In [1]:
import pandas as pd
import pystan
import numpy as np
import matplotlib.pyplot as plt
import pystan_utils
import os
from  movie_recommendation_aux import *
%matplotlib notebook
%load_ext autoreload
%autoreload 2

# Setting things up

In [11]:
seed = 42
#dataset = 'ml-20m' #big
dataset = 'ml-latest-small' #small
ratings = pd.read_csv(os.path.join(dataset,'ratings.csv'))
# HACK -- small movies.csv is apararently missing movies from small ratings.csv
movies = pd.read_csv(os.path.join('ml-20m','movies.csv')) 
#Create like column
ratings['like'] = (ratings.rating >= 3.0 )+ 0

unique_movies = ratings['movieId'].unique()

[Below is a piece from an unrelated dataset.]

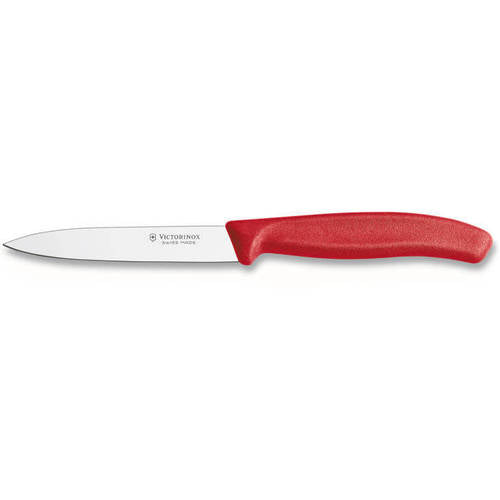Victorinox univerzalni kuhinjski nož, gladak, rdeč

#movieId is not sequential
movie_dict = {movieId: i for i, movieId in enumerate(unique_movies)}
ratings['movieId'] = ratings['movieId'].apply(lambda movieId: movie_dict[movieId])

Data samples

In [None]:
ratings.head()

In [28]:
movies[movies.title.str.contains('Lord of the Rings')]

Unnamed: 0,movieId,title,genres
2032,2116,"Lord of the Rings, The (1978)",Adventure|Animation|Children|Fantasy
4897,4993,"Lord of the Rings: The Fellowship of the Ring,...",Adventure|Fantasy
5853,5952,"Lord of the Rings: The Two Towers, The (2002)",Adventure|Fantasy
7041,7153,"Lord of the Rings: The Return of the King, The...",Action|Adventure|Drama|Fantasy


For now instead of multiclass classification based on stars, turn problem into binary classification by defining 'like' for all movies rated above 3.5 stars, and 'not-like' for all movies below 3.0

In [29]:
user = ratings[ratings['userId'] == 1]
user['like'] = user.rating >= 3.0
like = user['like'] + 0
N = len(like)

A value is trying to be set on a copy of a slice from a DataFrame.
Try using .loc[row_indexer,col_indexer] = value instead

See the caveats in the documentation: http://pandas.pydata.org/pandas-docs/stable/indexing.html#indexing-view-versus-copy
  


# One person classifier

In [None]:
# define Stan model
model_definition = """

data {
    int<lower=0> N;             // number of data items
    int likes[N];
    
}
parameters {
    vector[N] trait;
    real preference;
} 
model {
    vector[N] affinity;
    vector[N] noisy_affinity;
    
    preference ~ normal(0,10);
    for (n in 1:N){
        trait[n] ~ normal(0,10);
        affinity[n] = trait[n]*preference;
        likes[n] ~ bernoulli_logit(affinity[n]);
    }

}
"""

In [None]:
data = {'N': N, 'likes': like}

In [None]:
%%time
# create Stan model object
sm = pystan.StanModel(model_code=model_definition)
fit = sm.sampling(data=data, iter=10000, algorithm="NUTS", chains=1, seed=42, verbose=True)

In [None]:
print(fit)

In [None]:
fit.traceplot()

# Multiple traits

In [None]:
# define Stan model
model_definition = """

data {
    int<lower=0> N;             // number of data items
    int likes[N];
    int num_traits;
    
}
parameters {
    matrix[N,num_traits] trait;
    vector[num_traits] preference;
} 
model {
    //matrix[N, num_traits] trait_affinity ;
    vector[N] affinity ;
    
    preference ~ normal(0,10);
    for (n in 1:N){
        real tmp = 0;
        for (t in 1:num_traits){
            trait[n,t] ~ normal(0,10);
            tmp += trait[n,t]*preference[t];
        
        }
        affinity[n] = tmp;
        likes[n] ~ bernoulli_logit(affinity[n]);
        
    }
}
"""

In [None]:
data = {'N': N, 'likes': like, 'num_traits':2}

In [None]:
%%time
# create Stan model object
sm = pystan.StanModel(model_code=model_definition)
fit = sm.sampling(data=data, iter=10000, algorithm="NUTS", chains=1, seed=42, verbose=True)

In [None]:
print(fit)

In [None]:
trait_mean =np.mean(fit['trait'],0)
np.subtract(trait_mean[:,0],trait_mean[:,1])